CPython uses extensive CI infrastructure.

Typical CI runs include:

```text
Linux
Windows
macOS
debug builds
release builds
sanitizer builds
free-threaded builds
multiple architectures
```

A patch may pass locally but fail in CI due to platform-specific behavior.

Core developers therefore rely heavily on automated infrastructure.

## 82.25 Common Contributor Workflow

Typical workflow:

```text
modify source
build interpreter
run focused tests
run broader related tests
run full suite if necessary
check reference leaks
push branch
wait for CI
investigate failures
```

Small targeted testing is essential for productivity.

Running the full suite after every edit is usually impractical.

## 82.26 Writing Good Tests

Good CPython tests are:

```text
deterministic
isolated
cross-platform
minimal
fast
clear
specific
```

Bad tests often:

```text
depend on timing
depend on execution order
leave global state modified
depend on external services
assume specific memory layout
```

A good regression test usually targets one bug precisely.

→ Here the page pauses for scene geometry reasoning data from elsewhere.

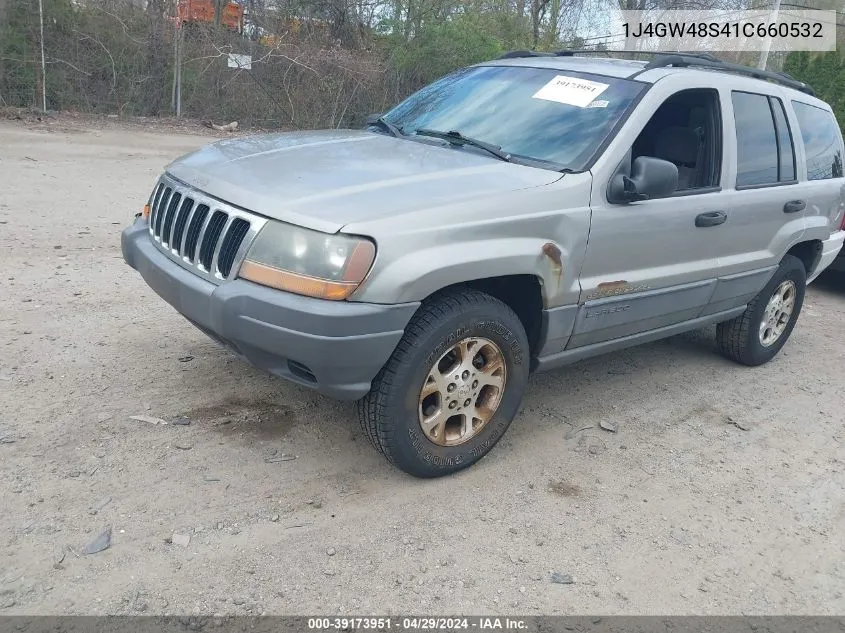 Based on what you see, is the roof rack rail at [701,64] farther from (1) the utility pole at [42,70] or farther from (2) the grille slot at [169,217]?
(1) the utility pole at [42,70]

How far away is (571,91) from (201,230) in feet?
6.98

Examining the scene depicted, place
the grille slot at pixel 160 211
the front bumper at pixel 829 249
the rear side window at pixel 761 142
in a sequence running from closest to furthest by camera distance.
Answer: the grille slot at pixel 160 211 < the rear side window at pixel 761 142 < the front bumper at pixel 829 249

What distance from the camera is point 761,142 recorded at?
15.4ft

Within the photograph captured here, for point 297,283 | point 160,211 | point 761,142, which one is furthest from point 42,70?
point 297,283

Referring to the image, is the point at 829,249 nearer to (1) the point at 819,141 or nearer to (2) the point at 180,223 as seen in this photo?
(1) the point at 819,141

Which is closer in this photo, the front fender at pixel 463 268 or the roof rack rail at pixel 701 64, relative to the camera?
the front fender at pixel 463 268

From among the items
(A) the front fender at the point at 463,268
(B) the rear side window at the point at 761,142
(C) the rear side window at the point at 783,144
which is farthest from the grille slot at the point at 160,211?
(C) the rear side window at the point at 783,144

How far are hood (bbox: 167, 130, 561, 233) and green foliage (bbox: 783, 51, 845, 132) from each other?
17044 mm

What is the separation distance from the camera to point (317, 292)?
2.89 meters

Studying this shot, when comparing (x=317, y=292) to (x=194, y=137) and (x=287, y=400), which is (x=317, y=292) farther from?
(x=194, y=137)

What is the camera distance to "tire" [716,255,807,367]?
5121 mm

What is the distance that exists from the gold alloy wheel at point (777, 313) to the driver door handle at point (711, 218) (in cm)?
122

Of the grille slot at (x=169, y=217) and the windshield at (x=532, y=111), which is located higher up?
the windshield at (x=532, y=111)

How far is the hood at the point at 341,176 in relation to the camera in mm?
3000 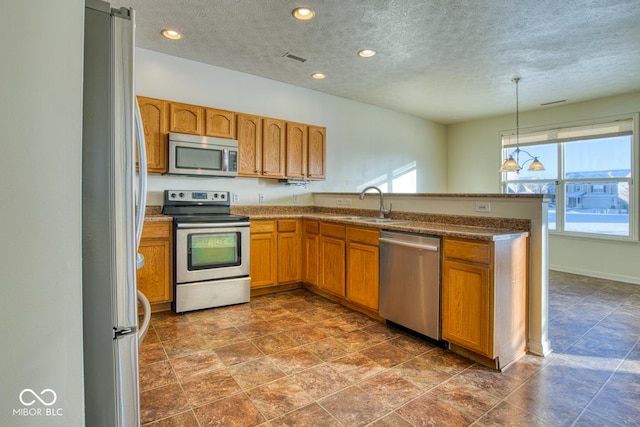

## 82.27 Example Minimal Regression Test

Suppose a dictionary regression existed.

A focused test might look like:

```python
import unittest

class DictRegressionTests(unittest.TestCase):

    def test_resize_preserves_entries(self):
        d = {}

        for i in range(1000):
            d[i] = i

        for i in range(1000):
            self.assertEqual(d[i], i)

if __name__ == "__main__":
    unittest.main()
```

This directly validates the invariant under investigation.

## 82.28 Reading Failures

A test failure may indicate:

```text
logic bug
memory corruption
reference leak
ABI mismatch
undefined behavior
test bug
platform assumption
```

CPython failures are sometimes nonlocal.

Example:

```text
GC corruption
    → unrelated test crashes later
```

The first visible failure is not always the root cause.

## 82.29 Core Principle

The CPython test suite is part of the interpreter itself.

It is not an optional accessory.

The runtime, compiler, object system, import machinery, and standard library evolve together with the tests. Every important subsystem in CPython is tightly coupled to regression validation.

Understanding the test infrastructure is therefore a prerequisite for serious CPython development.